Der japanische Bauingenieur und Erdbebenexperte Yoshinori Moriwaki hat erneut eindringlich vor einem schweren Erdbeben in Istanbul gewarnt. Seinen Berechnungen zufolge könnte die Metropole in naher Zukunft von einem Beben der Stärke 7,5 erschüttert werden. Er verweist auf historische Ereignisse wie die Erdbeben von 1509 und 1766 und betont, dass die Erde inzwischen erneut genug Energie angesammelt habe, um ein solches Beben auszulösen.
Besonders kritisch beurteilt Moriwaki die Bodenbeschaffenheit in vielen Stadtteilen. Vor allem die westlich gelegenen Bezirke auf der europäischen Seite Istanbuls – darunter Avcılar, Esenyurt sowie Küstenregionen – gelten als hochgefährdet. Auch auf der asiatischen Seite bestehe in Gegenden wie Pendik und Tuzla ein erhöhtes Risiko, da der Untergrund dort größtenteils aus weichen Böden besteht. Diese geologischen Gegebenheiten in Kombination mit unzureichender Bauqualität und fehlender Kontrolle würden das Schadenspotenzial drastisch erhöhen.
Im Vergleich zu Japan, wo deutlich mehr Erdbeben auftreten, aber weit weniger Todesopfer zu beklagen sind, sieht Moriwaki in der Türkei vor allem strukturelle Defizite. Er betont, dass viele Gebäude schlecht gebaut und nicht erdbebensicher seien. Hinzu komme, dass in der Ausbildung von Ingenieuren und Architekten entscheidende Unterschiede bestünden. Während in Japan eine zweijährige praktische Ausbildung Pflicht sei, könnten Fachkräfte in der Türkei bereits direkt nach dem Studium verantwortungsvolle Aufgaben übernehmen – eine Praxis, die sich negativ auf die Qualität der Bauwerke auswirke.

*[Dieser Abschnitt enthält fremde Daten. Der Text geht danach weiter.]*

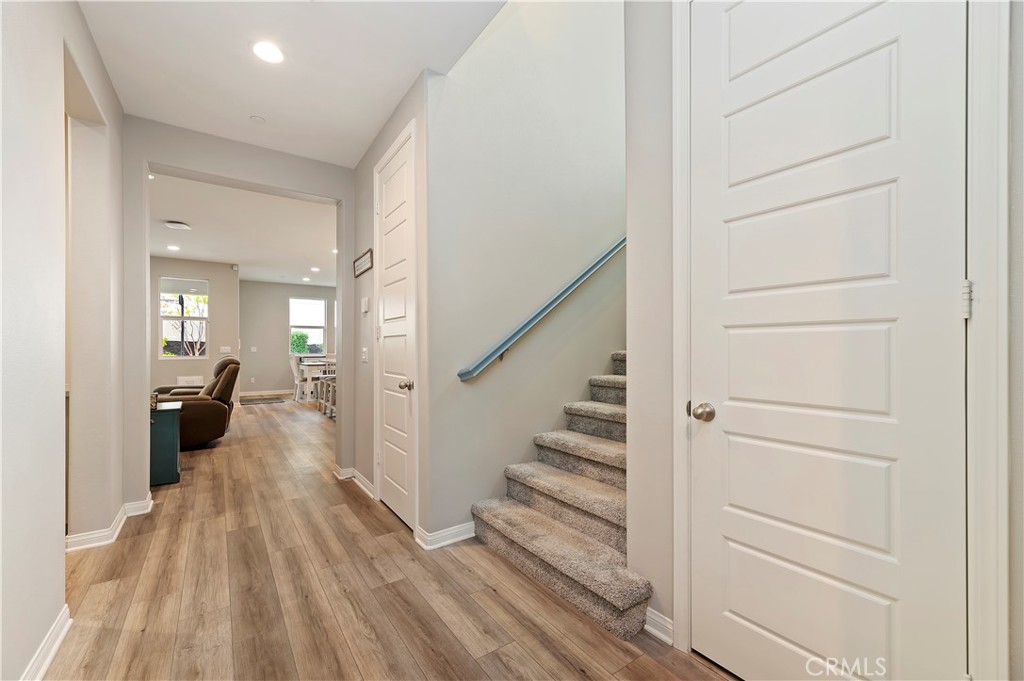 39526 Verbena Way Temecula, CA 92591 - Photo 18 of 55 a view of a hallway with wooden floor fireplace and living room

Für Moriwaki ist klar: Die Türkei muss ihre städtische Erneuerung mit Hochdruck vorantreiben. Insbesondere Schulen, Krankenhäuser und andere wichtige öffentliche Einrichtungen sollten schnellstmöglich ertüchtigt werden. Zwar gebe es bereits erfolgreiche Projekte wie die Osmangazi-Brücke oder den Marmaray-Tunnel, die zeigen, dass erdbebensicheres Bauen in der Türkei möglich ist. Doch solche Beispiele müssten flächendeckend zum Standard werden.

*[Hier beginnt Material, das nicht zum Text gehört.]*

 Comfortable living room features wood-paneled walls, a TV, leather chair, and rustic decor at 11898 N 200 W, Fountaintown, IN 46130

Er betont, dass es nicht ausreiche, das Leben mit dem Erdbeben zu akzeptieren. Vielmehr müsse man lernen, sich aktiv dagegen zu wappnen – durch bauliche Sicherheit, persönliche Vorbereitung und eine stärkere Sensibilisierung der Bevölkerung. Nur so könne das Risiko künftiger Katastrophen verringert werden.